| Task brief |
Write out exactly the lines from the first line of the records below through the line that contains "Union Home Minister", and stop there.

[Stored records]
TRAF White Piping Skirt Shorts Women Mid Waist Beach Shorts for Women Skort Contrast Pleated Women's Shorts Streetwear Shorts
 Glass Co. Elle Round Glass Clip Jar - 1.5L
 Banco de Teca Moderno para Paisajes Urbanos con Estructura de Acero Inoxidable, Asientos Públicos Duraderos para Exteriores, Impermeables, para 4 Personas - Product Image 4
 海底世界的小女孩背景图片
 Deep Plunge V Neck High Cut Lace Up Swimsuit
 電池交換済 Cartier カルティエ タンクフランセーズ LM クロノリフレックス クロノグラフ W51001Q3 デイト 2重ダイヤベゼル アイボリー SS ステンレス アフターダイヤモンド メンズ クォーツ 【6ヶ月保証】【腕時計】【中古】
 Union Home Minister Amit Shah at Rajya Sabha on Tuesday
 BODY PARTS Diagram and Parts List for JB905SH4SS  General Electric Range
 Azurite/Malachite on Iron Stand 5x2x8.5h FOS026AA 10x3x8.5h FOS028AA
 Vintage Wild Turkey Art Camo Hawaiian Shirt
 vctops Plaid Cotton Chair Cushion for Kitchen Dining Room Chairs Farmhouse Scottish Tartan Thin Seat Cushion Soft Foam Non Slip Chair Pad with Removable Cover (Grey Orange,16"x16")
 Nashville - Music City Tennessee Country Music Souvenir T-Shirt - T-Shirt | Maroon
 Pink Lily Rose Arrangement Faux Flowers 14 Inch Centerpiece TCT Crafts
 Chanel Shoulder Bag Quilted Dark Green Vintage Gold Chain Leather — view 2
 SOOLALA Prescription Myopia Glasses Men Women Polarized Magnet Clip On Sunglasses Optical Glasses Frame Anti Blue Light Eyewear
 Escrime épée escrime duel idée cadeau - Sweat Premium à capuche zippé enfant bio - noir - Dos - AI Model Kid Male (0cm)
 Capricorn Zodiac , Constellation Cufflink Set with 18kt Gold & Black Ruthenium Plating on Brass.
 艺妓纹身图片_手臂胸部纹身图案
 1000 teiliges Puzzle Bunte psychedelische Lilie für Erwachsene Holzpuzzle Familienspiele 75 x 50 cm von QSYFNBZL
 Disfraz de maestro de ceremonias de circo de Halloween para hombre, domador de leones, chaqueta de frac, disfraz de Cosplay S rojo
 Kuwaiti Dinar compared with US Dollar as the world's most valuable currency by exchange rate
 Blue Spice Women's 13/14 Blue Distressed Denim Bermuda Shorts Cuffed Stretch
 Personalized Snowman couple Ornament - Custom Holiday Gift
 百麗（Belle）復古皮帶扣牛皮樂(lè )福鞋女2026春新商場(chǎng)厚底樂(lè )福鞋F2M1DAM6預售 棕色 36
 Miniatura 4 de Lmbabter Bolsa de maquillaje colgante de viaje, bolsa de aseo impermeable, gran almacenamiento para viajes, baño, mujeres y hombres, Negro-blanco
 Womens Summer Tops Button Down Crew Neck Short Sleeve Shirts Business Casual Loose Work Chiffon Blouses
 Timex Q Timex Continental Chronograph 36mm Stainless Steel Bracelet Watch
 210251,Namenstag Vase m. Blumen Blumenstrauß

| Result |
TRAF White Piping Skirt Shorts Women Mid Waist Beach Shorts for Women Skort Contrast Pleated Women's Shorts Streetwear Shorts
 Glass Co. Elle Round Glass Clip Jar - 1.5L
 Banco de Teca Moderno para Paisajes Urbanos con Estructura de Acero Inoxidable, Asientos Públicos Duraderos para Exteriores, Impermeables, para 4 Personas - Product Image 4
 海底世界的小女孩背景图片
 Deep Plunge V Neck High Cut Lace Up Swimsuit
 電池交換済 Cartier カルティエ タンクフランセーズ LM クロノリフレックス クロノグラフ W51001Q3 デイト 2重ダイヤベゼル アイボリー SS ステンレス アフターダイヤモンド メンズ クォーツ 【6ヶ月保証】【腕時計】【中古】
 Union Home Minister Amit Shah at Rajya Sabha on Tuesday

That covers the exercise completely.